Last week I had dinner at John’s
Grill in San Francisco, with several friends from the APSA convention I was
attending. I ordered “Sam Spade’s Lamb
Chops” from the menu, because I like lamb chops and noir fiction. It was superb. Six or seven lamb chops with a baked potato
and sliced tomato. In Dashiell Hammett’s
most famous work‑The Maltese Falcon‑that
is what Spade ate in that venue. The
restaurant had a small shrine to Hammett’s novel in the back, toward the
latrine where everyone would pass it. I didn't know it at the time, but I was constantly on streets mentioned in the novel: Stockten, Bush, Geary, and Kearny.

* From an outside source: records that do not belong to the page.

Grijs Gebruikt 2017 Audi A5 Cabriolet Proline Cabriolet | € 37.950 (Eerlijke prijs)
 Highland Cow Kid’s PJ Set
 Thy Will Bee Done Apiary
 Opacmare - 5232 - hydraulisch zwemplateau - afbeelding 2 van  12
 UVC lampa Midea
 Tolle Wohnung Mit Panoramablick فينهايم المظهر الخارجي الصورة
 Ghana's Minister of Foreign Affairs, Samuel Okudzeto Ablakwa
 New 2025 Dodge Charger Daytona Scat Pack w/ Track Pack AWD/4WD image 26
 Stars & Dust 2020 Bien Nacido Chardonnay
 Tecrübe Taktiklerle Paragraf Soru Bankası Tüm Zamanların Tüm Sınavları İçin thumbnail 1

Later, alone, I walked up Kearny
to the Occidental Cigar Bar. This is one
of the last civilized places in California.
Apparently, it was “grandfathered in” when the same wise solons who are
trying to promote the smoking of marijuana were trying to stamp out the smoking
of tobacco.
It is a narrow room with tables
and chairs arranged in the space not occupied by the bar. When I entered, there were two men dressed in
pin stripped suits and hats smoking at the bar.
I had more or less walked my way into Hammett’s world.
I sat at a table next to the big
window, where I could watch people walk or drive by. I lit a fine, square bodied cigar with a Maduro
rapper and sipped on an excellent IPA.
The scotch was unaffordable. I
downloaded the first chapter of The
Maltese Falcon and read, occasionally looking up at the passersby. That is how I do San Francisco.
I have a theory about
genres. Each is centered on some
essential idea, usually attached to certain special signs. Westerns, for example, are essentially about
the frontier: the grey land between civilization and the utter lawlessness of
the uncivilized territories, coupled with the signs of horses, hats, and
handguns. The samurai movie genre is
very similar, if you trade swords for guns and modify the architecture. Horror is about the idea that evil can be a
real force in the world, like gravity or electricity. Science fiction rests on the idea of a
constantly expanding scientific view of the Kosmos and the surprises that such
a view might hold.
So, what about noir fiction? I submit that the genre is centered on the
city without gods. Almost all of the
noir films I have seen or fiction I have read take place in modern cities. Even those that take place outside it
presuppose a larger civilization. The
city is a relatively recent innovation in human history, meaning that it
appears only about 12,000 years ago. For
most of that time, cities were watched over by gods. To be a citizen of ancient Athens was to be a
member of the cult of Athena Nike, the goddess of wisdom and victory. The gods reinforced the social contract on
which each city depends and give the citizens‑those who must stand against the
city’s enemies‑some reason for confidence and comfort.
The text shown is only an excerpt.